There has been no action yet on Congressman Boucher's Digital Media Consumers Rights Act (HR 1201). This is a good bill for consumers. It is opposed by MPAA. There is the possibility of a deal: If MPAA will support this bill, then Boucher will support some form of Broadcast Flag Authorization.
The Public Domain Enhancement Act (HR 2408) will cause copyrights on abandoned works to expire after 50 years and revert to the Public Domain. The Studios are against this because in the past they have lost copyrights due to their own carelessness. They pushed for laws to make copyrights automatic. This bill is an attempt to find a more reasonable balance.
There was a lot of discussion on the Supreme Court's MGM v. Grokster decision. It was a narrow decision that left the Betamax decision intact, but that also weakened the defense of Grokster and Streamcast. The CPTWG lawyers agreed that there is a lot of vagueness in the decision. Such vagueness is always good for lawyers because the law is more difficult to interpret, resulting in more legal conflict.
There was a report on the Senate Commerce Committee hearings on July 12 on the subject of the DTV Transition. The Congress is again considering the matter of setting a hard date for the Analog Switchoff. Currently there appears to be agreement on either 2008-12-31 or 2009-01-01. Most consumers are still unaware of the issue. One Senator asked "Do consumers know what we're talking about here?" The same question could be asked about the Senators themselves. They seemed to be having a very difficult time understanding the complex issues. At stake are the estimated $4B to $28B in revenues from the auctioning of the reclaimed spectrum.

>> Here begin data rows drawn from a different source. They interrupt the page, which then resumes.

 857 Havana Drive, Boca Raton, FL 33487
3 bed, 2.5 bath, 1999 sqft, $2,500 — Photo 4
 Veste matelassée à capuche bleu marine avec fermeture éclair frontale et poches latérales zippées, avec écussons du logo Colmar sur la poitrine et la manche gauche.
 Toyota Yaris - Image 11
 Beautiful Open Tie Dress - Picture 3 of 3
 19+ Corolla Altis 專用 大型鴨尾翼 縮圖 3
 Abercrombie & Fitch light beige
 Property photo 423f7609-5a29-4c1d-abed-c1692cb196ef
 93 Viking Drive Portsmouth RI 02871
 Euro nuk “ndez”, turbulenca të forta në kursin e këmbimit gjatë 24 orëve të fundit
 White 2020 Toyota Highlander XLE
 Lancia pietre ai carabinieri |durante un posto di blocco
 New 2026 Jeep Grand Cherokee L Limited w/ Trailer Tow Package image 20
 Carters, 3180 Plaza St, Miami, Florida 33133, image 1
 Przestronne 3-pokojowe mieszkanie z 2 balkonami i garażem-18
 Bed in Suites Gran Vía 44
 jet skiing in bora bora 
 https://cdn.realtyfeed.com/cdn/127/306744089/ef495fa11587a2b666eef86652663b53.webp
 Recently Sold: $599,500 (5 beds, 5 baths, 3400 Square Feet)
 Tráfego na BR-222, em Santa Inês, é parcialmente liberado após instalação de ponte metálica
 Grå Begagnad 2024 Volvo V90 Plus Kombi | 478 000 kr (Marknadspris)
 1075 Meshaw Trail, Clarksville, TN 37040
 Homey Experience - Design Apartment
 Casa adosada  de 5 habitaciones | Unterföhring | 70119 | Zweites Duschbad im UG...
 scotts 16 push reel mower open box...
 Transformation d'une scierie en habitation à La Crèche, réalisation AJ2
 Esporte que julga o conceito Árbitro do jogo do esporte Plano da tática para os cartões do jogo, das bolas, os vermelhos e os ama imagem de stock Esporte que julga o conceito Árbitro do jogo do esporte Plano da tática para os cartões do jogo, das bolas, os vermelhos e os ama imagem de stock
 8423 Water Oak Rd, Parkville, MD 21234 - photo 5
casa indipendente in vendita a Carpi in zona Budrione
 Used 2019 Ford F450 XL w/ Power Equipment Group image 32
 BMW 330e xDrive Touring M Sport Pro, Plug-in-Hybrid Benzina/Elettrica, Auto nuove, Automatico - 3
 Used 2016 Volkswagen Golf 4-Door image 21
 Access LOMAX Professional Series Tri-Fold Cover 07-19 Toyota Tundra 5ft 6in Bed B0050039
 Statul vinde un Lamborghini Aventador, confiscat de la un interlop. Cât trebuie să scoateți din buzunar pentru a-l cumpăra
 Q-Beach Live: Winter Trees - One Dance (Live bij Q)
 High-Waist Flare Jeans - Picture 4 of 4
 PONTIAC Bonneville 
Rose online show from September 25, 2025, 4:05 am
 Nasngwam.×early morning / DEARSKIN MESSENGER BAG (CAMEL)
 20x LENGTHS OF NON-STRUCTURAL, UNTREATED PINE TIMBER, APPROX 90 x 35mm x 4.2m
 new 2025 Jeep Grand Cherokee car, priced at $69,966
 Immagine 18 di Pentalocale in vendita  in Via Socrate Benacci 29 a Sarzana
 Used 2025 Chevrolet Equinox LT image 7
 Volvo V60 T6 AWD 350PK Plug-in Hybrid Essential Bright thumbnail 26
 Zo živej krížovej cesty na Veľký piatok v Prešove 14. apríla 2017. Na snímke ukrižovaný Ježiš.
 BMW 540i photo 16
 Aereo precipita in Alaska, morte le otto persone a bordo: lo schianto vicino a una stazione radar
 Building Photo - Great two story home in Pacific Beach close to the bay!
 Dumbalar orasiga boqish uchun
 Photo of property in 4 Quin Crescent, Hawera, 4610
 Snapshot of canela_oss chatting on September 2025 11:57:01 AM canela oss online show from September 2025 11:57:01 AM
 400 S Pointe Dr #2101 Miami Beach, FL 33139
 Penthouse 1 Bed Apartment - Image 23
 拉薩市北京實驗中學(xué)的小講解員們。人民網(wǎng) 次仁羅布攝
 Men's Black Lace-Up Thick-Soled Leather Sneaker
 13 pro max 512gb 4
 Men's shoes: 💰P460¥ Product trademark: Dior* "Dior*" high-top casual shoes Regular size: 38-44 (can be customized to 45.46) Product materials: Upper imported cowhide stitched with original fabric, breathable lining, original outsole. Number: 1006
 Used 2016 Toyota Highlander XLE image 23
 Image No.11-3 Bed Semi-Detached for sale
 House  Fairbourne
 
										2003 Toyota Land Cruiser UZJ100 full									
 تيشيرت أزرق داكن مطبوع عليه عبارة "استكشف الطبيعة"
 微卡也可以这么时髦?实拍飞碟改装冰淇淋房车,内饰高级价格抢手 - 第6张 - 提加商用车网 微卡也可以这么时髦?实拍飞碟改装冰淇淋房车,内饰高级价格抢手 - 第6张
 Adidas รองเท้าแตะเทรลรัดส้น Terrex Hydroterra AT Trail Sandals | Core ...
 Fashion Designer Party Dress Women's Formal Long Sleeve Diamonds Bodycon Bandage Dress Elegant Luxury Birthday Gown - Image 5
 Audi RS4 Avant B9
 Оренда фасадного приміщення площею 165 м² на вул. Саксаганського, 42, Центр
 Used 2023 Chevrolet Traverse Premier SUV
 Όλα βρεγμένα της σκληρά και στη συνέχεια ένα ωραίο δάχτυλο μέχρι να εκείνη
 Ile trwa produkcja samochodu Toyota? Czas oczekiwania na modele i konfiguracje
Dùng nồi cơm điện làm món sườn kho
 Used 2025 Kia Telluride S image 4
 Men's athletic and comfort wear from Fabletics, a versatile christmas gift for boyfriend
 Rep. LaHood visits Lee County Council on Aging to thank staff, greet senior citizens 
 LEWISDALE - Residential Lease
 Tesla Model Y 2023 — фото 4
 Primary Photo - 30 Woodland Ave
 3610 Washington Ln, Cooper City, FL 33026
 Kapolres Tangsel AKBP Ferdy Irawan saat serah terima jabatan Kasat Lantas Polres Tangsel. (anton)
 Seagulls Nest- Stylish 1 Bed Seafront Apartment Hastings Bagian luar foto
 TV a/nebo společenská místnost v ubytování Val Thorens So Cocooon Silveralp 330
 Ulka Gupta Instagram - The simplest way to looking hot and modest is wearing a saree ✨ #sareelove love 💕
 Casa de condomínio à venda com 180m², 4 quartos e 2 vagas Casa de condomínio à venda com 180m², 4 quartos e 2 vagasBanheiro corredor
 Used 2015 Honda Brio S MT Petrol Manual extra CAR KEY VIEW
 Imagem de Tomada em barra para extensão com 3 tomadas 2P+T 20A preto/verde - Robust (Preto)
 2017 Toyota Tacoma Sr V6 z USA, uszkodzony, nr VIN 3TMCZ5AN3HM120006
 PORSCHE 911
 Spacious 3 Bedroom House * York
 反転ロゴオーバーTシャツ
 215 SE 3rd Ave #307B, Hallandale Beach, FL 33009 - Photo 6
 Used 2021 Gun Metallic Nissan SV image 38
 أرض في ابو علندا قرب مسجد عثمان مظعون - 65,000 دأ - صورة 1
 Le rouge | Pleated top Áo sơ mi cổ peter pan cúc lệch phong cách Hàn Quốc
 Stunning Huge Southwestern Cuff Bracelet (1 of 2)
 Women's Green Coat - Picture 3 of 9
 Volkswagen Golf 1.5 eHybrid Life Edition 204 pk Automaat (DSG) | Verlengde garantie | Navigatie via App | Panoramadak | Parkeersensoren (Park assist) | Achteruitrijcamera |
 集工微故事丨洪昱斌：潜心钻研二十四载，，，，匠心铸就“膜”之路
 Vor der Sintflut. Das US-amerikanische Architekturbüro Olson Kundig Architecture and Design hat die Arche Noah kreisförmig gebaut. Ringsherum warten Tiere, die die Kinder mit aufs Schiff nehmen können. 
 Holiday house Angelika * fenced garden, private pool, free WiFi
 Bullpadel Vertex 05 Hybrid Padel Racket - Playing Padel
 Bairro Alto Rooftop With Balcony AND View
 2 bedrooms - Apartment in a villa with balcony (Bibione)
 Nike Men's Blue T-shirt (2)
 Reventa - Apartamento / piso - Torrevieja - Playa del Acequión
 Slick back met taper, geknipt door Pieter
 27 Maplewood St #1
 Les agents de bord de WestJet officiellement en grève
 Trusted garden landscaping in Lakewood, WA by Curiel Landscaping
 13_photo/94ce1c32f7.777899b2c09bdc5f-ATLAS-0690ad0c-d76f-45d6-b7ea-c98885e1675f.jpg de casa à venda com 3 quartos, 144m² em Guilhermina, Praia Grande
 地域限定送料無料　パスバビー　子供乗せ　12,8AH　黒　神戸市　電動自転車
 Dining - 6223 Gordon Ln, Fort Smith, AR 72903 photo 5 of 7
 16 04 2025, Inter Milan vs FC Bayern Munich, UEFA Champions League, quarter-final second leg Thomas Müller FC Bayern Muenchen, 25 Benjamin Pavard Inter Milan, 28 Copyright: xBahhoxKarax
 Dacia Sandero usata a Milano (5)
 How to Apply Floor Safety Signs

Also at stake is an urgent need to allocate spectrum for Public Safety and Civil Defense uses.
Motorola testified that it can produce an ATSC STB that will cost $50 in 2009. They said that if all stations in a market are multicasting in SD, then consumers will have access to more free channels than they can get from Cable. (Motorola also builds cable systems.) There is a lot of confusion about who should pay for the STBs. Should they be free to everyone? Should they be free only to the poor? If so, who is poor? Should they be given to every home? Should they be given for every analog TV?
The interactions between broadcasting and cable are also very confusing, particularly with multicasting and must carry, and also with digital to analog conversion at the head end. The Senate is going to have a very difficult time with these issues.
There was a presentation by Zetus, a startup with a new kind of DRM system. It differed from existing systems in that there are no secrets in equipment, media, or tickets that are held by consumers. This eliminates a large class of attacks. The system is based on an ASIC core that could be built into DACs and other devices. Each device has a unique, non-secret identity. The ASIC core implements standard cryptographic algorithms. Media is encoded once for all players, so it works well for mass distribution. A ticket gives a player the right to play a specific program.
The security of the system depends on the claim that only a chip device would be fast enough to implement their system. The system needs international laws and inspections to prevent chip fabs from putting the ASIC core into unauthorized devices.
He gave no additional information on how the system works. The CPTWG people did not seem very interested in this.